Figures 2A and 2B illustrate a prior art circuit.

Figures 3A and 3B illustrate a circuit constructed according to the invention and its voltage dependance.

Best Mode of Carrying Out the Invention

[0006] Voltage reference circuits are used throughout integrated circuits. One particular application is the use of a reference circuit in a dynamic RAM to compare the voltage levels on the input terminals to the reference in order to detect whether a binary 1 or 0 is present. The stability of the voltage reference is important because it is directly related to the voltage margins that must be allowed to accommodate the electrical noise that will inevitably be present.

[0007] It is a commercial requirement that integrated circuits work for supply voltages within some tolerance range. The wider the range, the more usable the circuit. Clamping the reference voltage'to a predetermined value to resist the effect of an increased supply voltage is straightforward. Proper reference voltages for a low value of the supply voltage have proven to be more difficult to obtain. The improvement afforded by this invention is a considerable increase in the lower limit of supply voltage that may be tolerated, from a value of twice the threshold voltage of the circuit to a value equal to the threshold voltage.

[0008] For many dynamic RAMs, the reference voltage that is determined is approximately 0.29xV_CC. The reasons for this choice are not relevant to the present invention, which is concerned with achieving that value of reference voltage. In a straightforward 2 - resistor voltage divider, the upper resistor between V_CC and the reference voltage node has a value of 2.45 times the value of the lower resistor between the reference node and ground.

[0009] Figure 1 illustrates a prior art circuit in which resistors 10 and 12 form a voltage divider having a standard ratio so that the voltage on node 15 is .29 V_CC. Clamp circuit 100, comprising two transistors 102 and 104 is a standard voltage clamp which limits the maximum value of the output voltage on node 15 to a value of the sum of the threshold voltages of transistors 102 and 104 (when transistors 102 and 104 have low impedance compared to the impedance of the divider chain).

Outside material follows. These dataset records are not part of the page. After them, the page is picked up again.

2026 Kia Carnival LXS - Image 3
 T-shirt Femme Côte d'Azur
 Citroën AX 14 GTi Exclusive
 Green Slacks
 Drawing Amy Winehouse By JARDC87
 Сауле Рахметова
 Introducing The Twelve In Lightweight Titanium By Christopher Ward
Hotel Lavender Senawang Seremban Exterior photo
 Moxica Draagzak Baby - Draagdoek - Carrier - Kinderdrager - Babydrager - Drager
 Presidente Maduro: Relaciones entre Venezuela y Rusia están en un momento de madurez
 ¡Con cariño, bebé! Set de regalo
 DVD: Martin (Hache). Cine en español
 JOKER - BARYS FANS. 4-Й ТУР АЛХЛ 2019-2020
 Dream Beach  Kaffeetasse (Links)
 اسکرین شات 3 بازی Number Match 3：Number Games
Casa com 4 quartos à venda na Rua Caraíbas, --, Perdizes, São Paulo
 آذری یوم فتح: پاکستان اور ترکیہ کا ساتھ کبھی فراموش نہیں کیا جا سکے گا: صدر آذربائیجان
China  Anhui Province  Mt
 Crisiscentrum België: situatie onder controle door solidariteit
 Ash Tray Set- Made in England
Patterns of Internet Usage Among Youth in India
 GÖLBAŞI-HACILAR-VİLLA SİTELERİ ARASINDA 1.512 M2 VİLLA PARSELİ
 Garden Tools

[0010] Figure 2A illustrates a prior art circuit in which the same resistive divider chain 10, 12 with node 15, is corrected for low values of V_CC. In this case, transistor 22 supplies current to node 15 to maintain the output voltage at a lower-limit value. The gate of transistor 22 is controlled by node 25, which is intermediate between resistor 24 and clamp circuit 100. Clamp circuit 100 controls node 25 to a voltage equal to two thresholds so the output voltage on node 15 is clamped by transistor 22 to one threshold; i.e. its source voltage (the output voltage) is one threshold below the gate voltage of node 25. When the supply voltage is decreased below two thresholds, the clamping function no longer works and the output voltage declines along with the supply voltage. The voltage dependance for low voltages is illustrated in Figure 2B, showing the clamping (V_MIN) provided by transistor 22 which is effective until V_CC reaches a value of 2V_T, below which the output voltage declines. The circuit of Figure 2A can be combined with the clamping circuit 100 of Figure 1 to provide clamping in both the higher and lower ranges, of course.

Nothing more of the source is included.